I am matching the phone numbers and ssn that start with '40'. For ssn I am getting the correct matching count. For the phone number, I am not getting the correct matching count, as the phone number contains hyphens '-' in between the phone number. Example: '403-517-2323'.
When I search for a phone number that starts with '40' it includes the phone number that has '40' in between after the hyphen. Example: '222-401-8120' and '823-093-4012'.
How can I exclude matching in between and match only at the start of the phone number?

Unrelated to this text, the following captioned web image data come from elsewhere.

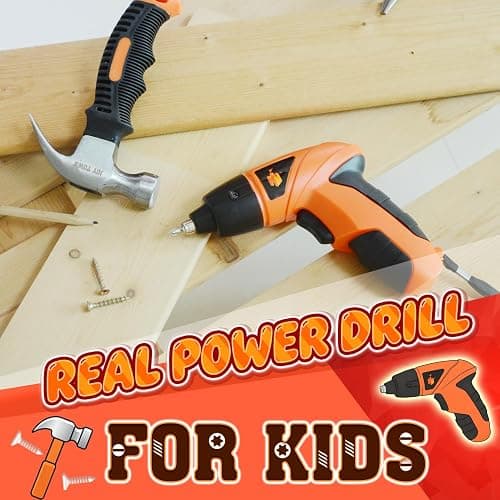 JoyTown Kids Real Power Drill Set – Electric Cordless Drill Tool Kit for Children with Interchangeable Bits, Flexible Shaft, Rechargeable, Carrying Case, Learning Tools for Boys & Girls Home DIY thumbnail 4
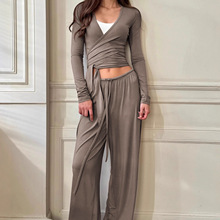 卡其色长袖长裤针织牛奶丝舒适亲肤睡衣套装2025欧美秋季家居服女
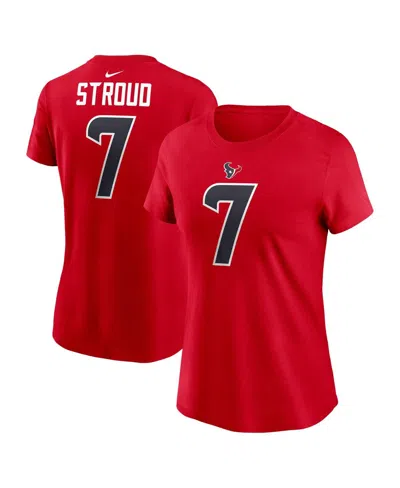 Nike Women's C.j. Stroud Red Houston Texans Player Name Number T-shirt
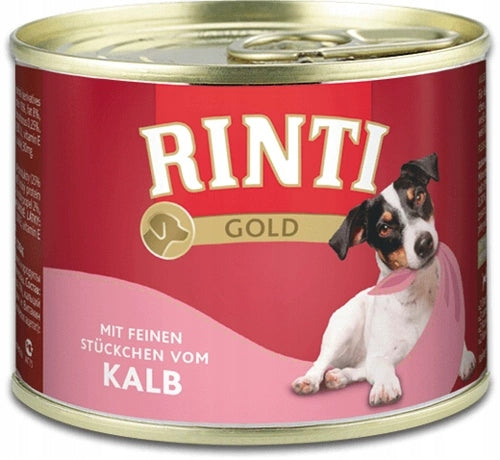 Rinti Gold mokra karma dla psa bezzbożowa 9x185 g – mix 9 smaków w puszkach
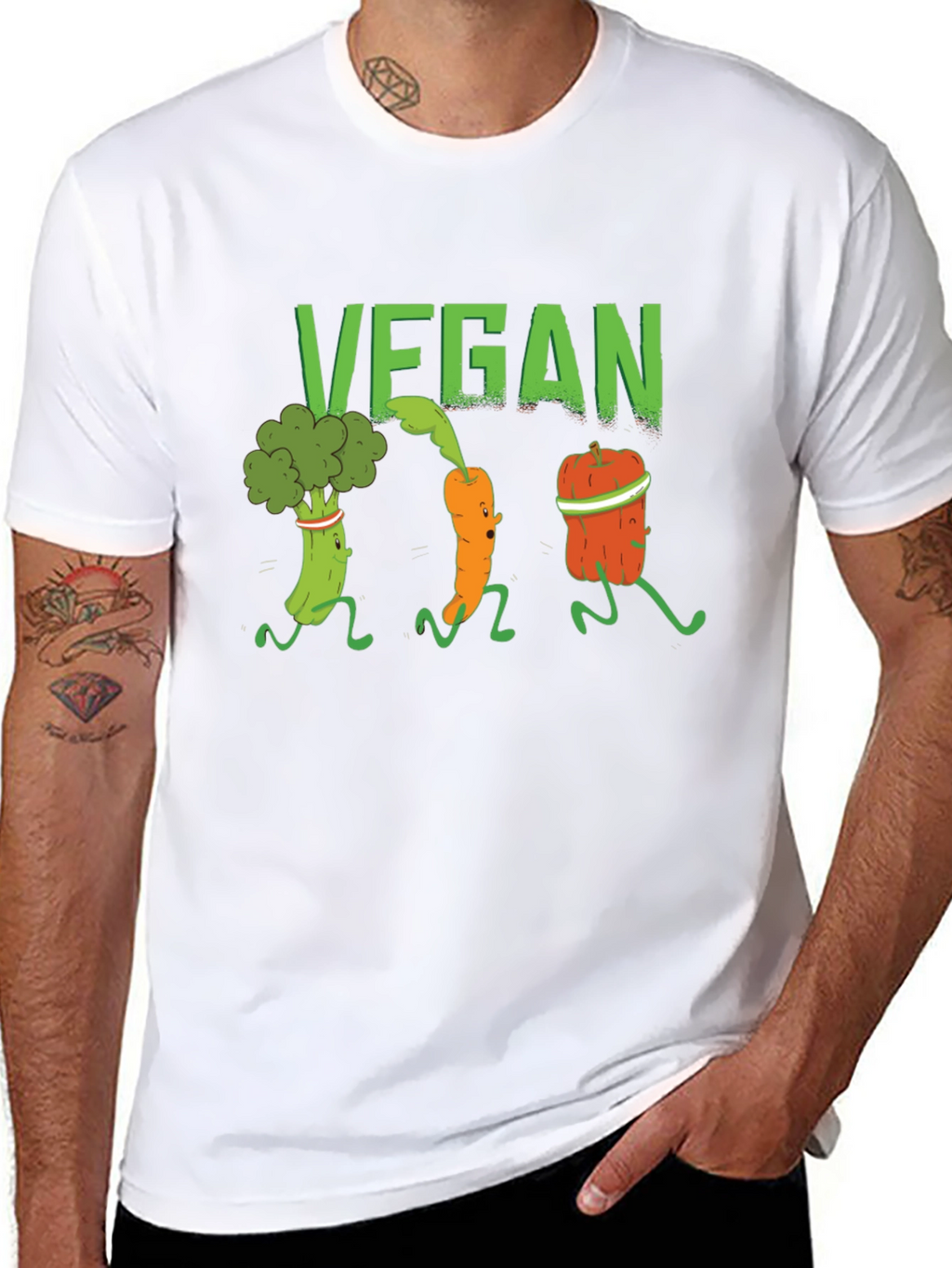 Vegan Vegetable Run Graphic T-Shirt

Below is the query I am trying>
GET emp_details_1_1/_msearch
{"index": "emp_details_1_1"}
{"_source":[],"size":0,"min_score":1,"query":{"multi_match":{"query":"40","fields":["ssn"],"type":"phrase_prefix"}}}
{"index": "emp_details_1_1"}
{"_source":[],"size":0,"min_score":1,"query":{"multi_match":{"query":"21","fields":["phone"],"type":"phrase_prefix"}}}
CodePudding user response:
As I don't have the exact index mapping and settings, I am guessing you are using the analyzer that is breaking your phone number on _
, if its default analyzer(standard) then it does the same thing.
POST _analyze
{
"text" : "403-517-2323",
"analyzer": "standard"
}
Tokens generated
{
"tokens": [
{
"token": "403",
"start_offset": 0,
"end_offset": 3,
"type": "<NUM>",
"position": 0
},
{
"token": "517",
"start_offset": 4,
"end_offset": 7,
"type": "<NUM>",
"position": 1
},
{
"token": "2323",
"start_offset": 8,
"end_offset": 12,
"type": "<NUM>",
"position": 2
}
]
}
In order to fix that, you should use the prefix query on .keyword
subfield field(if its generated in your mapping) or create a field of type keyword
that stores phone number in your index.